O dono da Fazenda Guarani, no município de São Desidério, no oeste baiano, Belmiro Catelan (no centro da foto abaixo), e seu funcionário administrador do local, Jair Donadel, foram condenados pela Justiça Federal de Barreiras por 70 crimes de trabalho escravo. De acordo com a denúncia feita pelo Ministério Público Federal, no período compreendido entre março de 2005 e março de 2010, os dois réus, ao lado de Odilon Alves da Cruz e Fidelíssimo Alves da Paz, intermediadores de mão de obra, aliciaram de um local para outro do território nacional e reduziram trabalhadores a condições análogas às de escravos submetendo-os a condições degradantes, a jornadas exaustivas e à servidão por dívida.
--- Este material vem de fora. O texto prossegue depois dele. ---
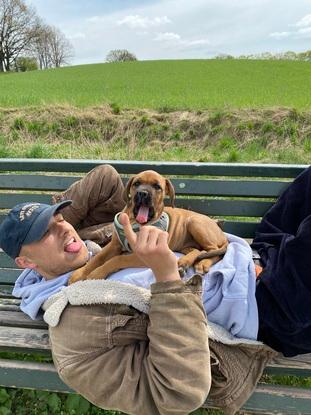 Unser Nachbarshund
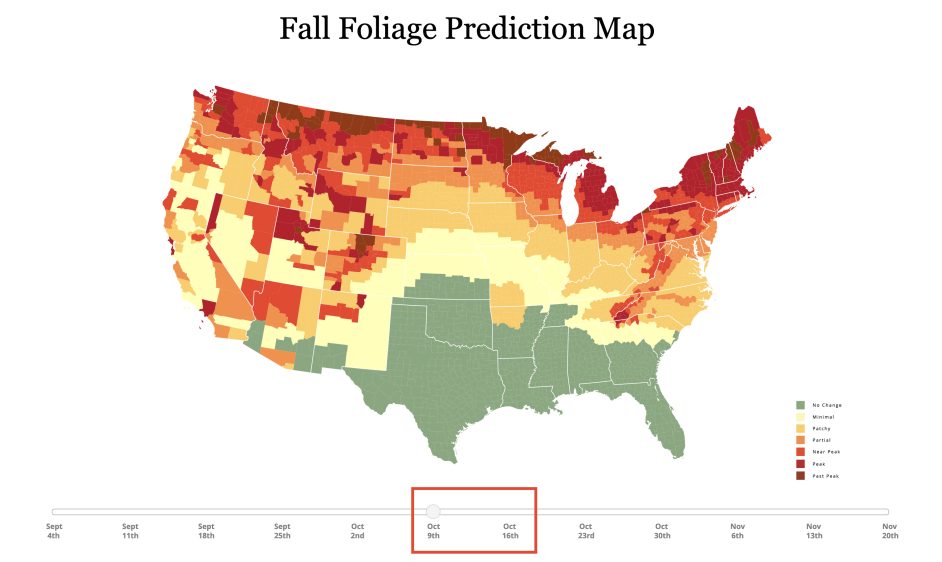 Where to Find Fall Colors in Western New York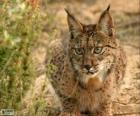 European Lynx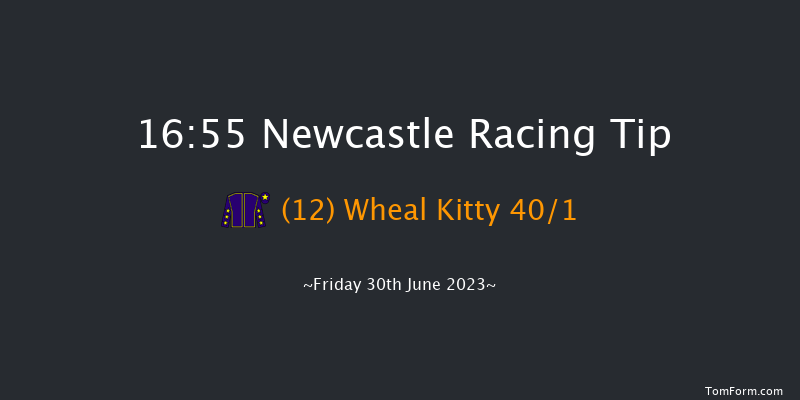 Newcastle 16:55 Handicap (Class 6) 10f Thu 29th Jun 2023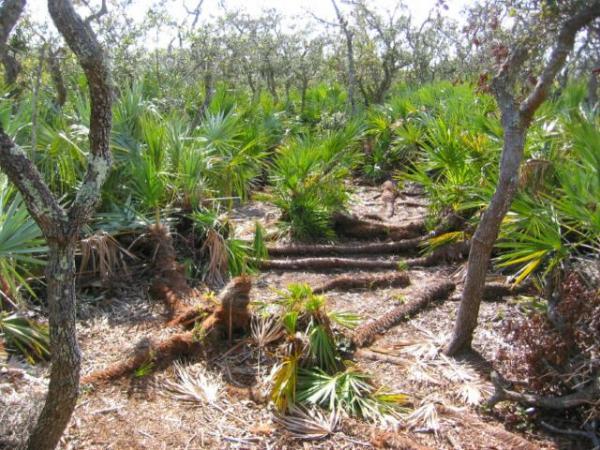 A dense area of vegetation featuring various palm plants and fallen tree trunks, surrounded by trees. The ground is covered with leaves and plant debris, illustrating a natural forest ecosystem. Jonathan Dickinson State Park mountain bike trail.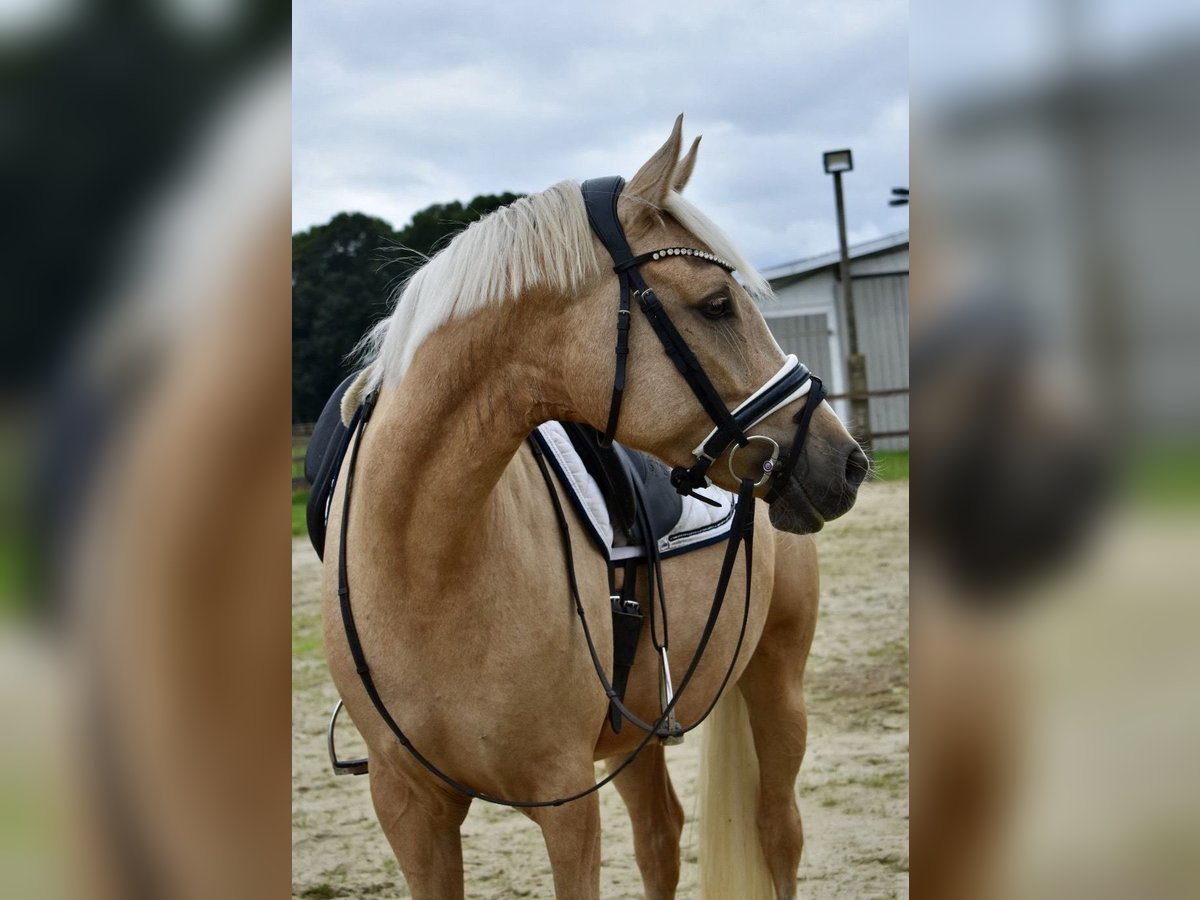 Deutsches Reitpony Stute 4 Jahre 148 cm Palomino in Kl&#xF6;tze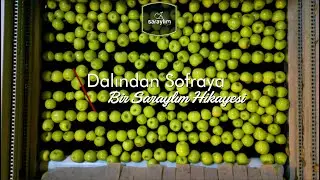 Saraylım Tarım - 2023 - Dalından Sofraya Rakamlarla Saraylım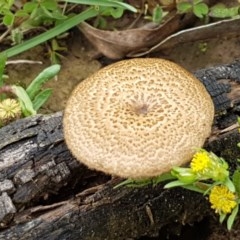 Lentinus arcularius (Fringed Polypore) at Holt, ACT - 26 Oct 2020 by tpreston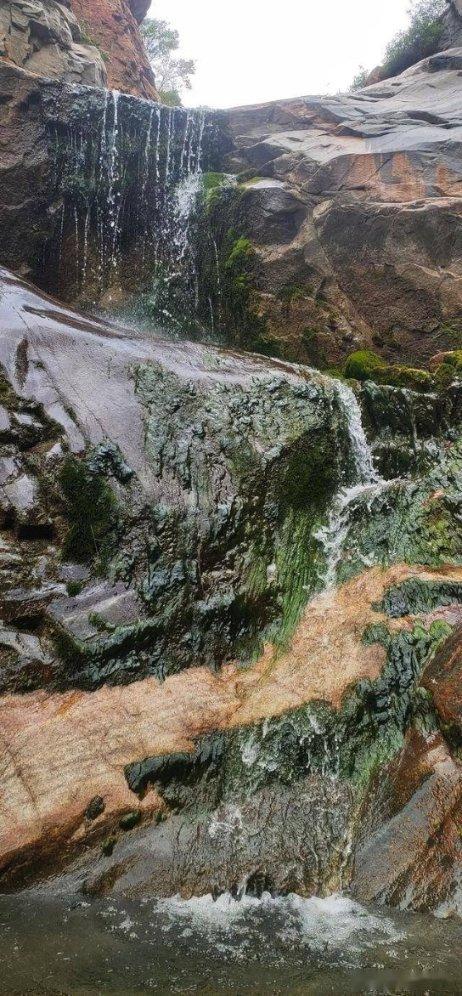 诺安基金股市点评：经济数据稳中有进，建议可择机积极布局
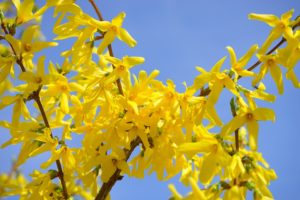 forsythia-pruning-spring-shrubs-in-Edmonds
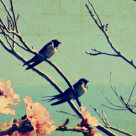 Legenda rândunelelor: De ce au ele penele negre? Din dragoste și durere pentru Iisus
Belmiro Catelan é um fazendeiro conhecido no meio agropecuário atua na região há mais de 20 anos com plantação de milho, soja e algodão. Na decisão expedida no último dia 31 e publicada no Diário Oficial da Justiça Federal nesta terça (4), a juíza Gabriela Macedo Ferreira, titular da Subseção Judiciária de Barreiras, absolveu os intermediadores do serviço e condenou o fazendeiro Belmiro Catelan e o administrador da Fazenda Guarani, Jair Donadel, a três anos e oito meses de prisão, penalidade que foi convertida em restrição de direito, ou seja, ambos vão cumprir penas alternativas em liberdade.
"Os sentenciados poderão recorrer em liberdade, por serem tecnicamente primários e de bons antecedentes, não estando presentes os requisitos ensejadores dos decretos de prisões preventivas, tendo, inclusive permanecidos soltos durante a ação penal", observou a juíza em sua sentença. A magistrada apontou em sua decisão que os dois submeteram 70 trabalhadores "a circunstâncias indignas de trabalho na Fazenda Guarani", praticando os réus Belmiro Catelan e Jair Donadel, mediante uma só ação, mais de 70 crimes. Na primeira fiscalização feita na fazenda em 2008, foram resgatados 27 trabalhadores. Na segunda fiscalização, realizada em 2010, foram resgatados mais 47 funcionários. Belmiro Catelan e Jair Donadel foram condenados também a pagar, a título de indenização por danos morais individuais, a quantia mínima de mil reais para cada trabalhador. A Justiça Federal ainda imputou a multa aos dois condenados no total de R$43,3 mil e uma das penas restritivas de direitos aplicadas aos réus foi a prestação de serviço à comunidade ou a entidades públicas, conforme suas aptidões, sete horas por semana, pelo tempo que durar a condenação. A segunda punição aplicada ao fazendeiro foi a destinação de multa em favor da Associação de Amparo ao Menor Carente (Amec) em Barreiras, entidade privada com destinação social e de reconhecida atuação filantrópica na cidade. O proprietário deverá pagar à entidade o montante de R$ 168,6 mil. No caso do subordinado de Belmiro, Jair Donadel, deverá desembolsar R$ 140,5 mil em favor do Lar de Emanuel (Fundação Carita de Assistência à Pessoa Carente) em Barreiras. De acordo com a juíza do caso, os réus exerceram seu direito ao silêncio quando foram procurados para apresentar suas defesas.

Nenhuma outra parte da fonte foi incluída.